In order to have an overall perspective of the data, we examine in Table 2 downside and upside volatility of the returns series: it is clear that returns more frequently fall short of breakpoint return; moreover, all the considered series experience higher downside volatility than the upside one.

The estimation of the six ARCH models was performed using numerical maximum likelihood estimation. The parameter estimates reported in Table 3, all significant at the 1% level, provide evidence concerning time varying volatility. In particular, an ARCH(1) model is sufficient in all of the series to describe the time dependence in the conditional volatility, both the downside and upside one.

Now, let’s turn to our optimisation problem, which requires to maximise the objective Equation in (10) under the constraints defined in (2). Table 4 summarizes the results carried out using SASTM for different levels of the risk aversion parameter λ [ 0,1 ] at the end of 2020 using as downside and upside volatility estimates the ones retrieved from the corresponding ARCH models. Along with short-sales restrictions, an additional constraint was added to limit to a maximum level of 30% the weight assigned to each asset class.

From these results we find that changes in the risk aversion parameter modify the optimal portfolio taking into consideration the proportion of downside and upside volatility associated to each asset as stated by the ARCH models.

In Figure 1 changes in weights with respect to the “baseline” optimal portfolio when standard deviation is used are reported for the two extremes λ parameters: ceteris paribus, optimal weights shift from stock markets and adjust accordingly to the asymmetries between downside and upside risk.

Table 1. Statistical summary of the data.

Table 2. Downside and upside volatility of the returns series.

Table 3. ARCH volatility models.

Table 4. Optimal portfolios.

In this way, the model can support the investor in rebalancing the weights assigned to the assets modifying the risk aversion parameter. Having a look, as an example, to German DAX market the risk aversion parameter reduces the weight when low values of λ are used whereas optimal weight allocation results in an increase when λ moves to its upper bound level.

Figure 1. Optimal Portfolios weights comparison.

4. Concluding Remarks

In this paper we developed an asset allocation model based on a modified Sharpe Ratio measure. Classical Sharpe Ratio implies that the probability of negative returns, as the probability of positive returns, is weighted in the same way by the investor. In order to evaluate separately downside and upside risk we consider a measure which permits to overweight (underweight) risky assets on the basis of the investor decreasing (increasing) risk aversion. In this way, the model can be used to rebalance the weights of the assets in the optimal portfolio.

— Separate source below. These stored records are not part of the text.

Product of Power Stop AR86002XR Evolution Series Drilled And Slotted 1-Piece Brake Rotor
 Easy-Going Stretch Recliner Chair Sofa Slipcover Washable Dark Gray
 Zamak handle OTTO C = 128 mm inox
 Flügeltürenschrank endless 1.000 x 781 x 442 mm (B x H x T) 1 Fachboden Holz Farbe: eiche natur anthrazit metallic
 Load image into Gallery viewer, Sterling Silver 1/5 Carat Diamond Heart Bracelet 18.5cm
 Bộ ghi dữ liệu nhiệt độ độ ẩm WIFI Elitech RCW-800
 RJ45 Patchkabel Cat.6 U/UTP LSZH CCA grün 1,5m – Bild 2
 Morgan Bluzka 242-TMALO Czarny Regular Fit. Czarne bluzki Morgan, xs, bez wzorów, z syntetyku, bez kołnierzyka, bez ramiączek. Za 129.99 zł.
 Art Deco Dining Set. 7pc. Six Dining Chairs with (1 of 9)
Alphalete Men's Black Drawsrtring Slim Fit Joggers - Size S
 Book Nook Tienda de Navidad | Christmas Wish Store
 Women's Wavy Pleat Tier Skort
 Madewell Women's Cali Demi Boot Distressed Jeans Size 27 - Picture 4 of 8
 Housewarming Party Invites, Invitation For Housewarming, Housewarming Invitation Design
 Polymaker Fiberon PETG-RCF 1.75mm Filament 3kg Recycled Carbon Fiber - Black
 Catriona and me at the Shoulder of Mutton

Generalizations could be taken into consideration in the future to expand the results presented in this paper. Extending our approach to other forms of risk-adjusted measures certainly represents an obvious area of development of the present contribution. A further possible extension goes in the direction of using nonlinear averaging methods to assess portfolio volatility starting from the estimates of the positive/negative parts.

Conflicts of Interest

The authors declare no conflicts of interest.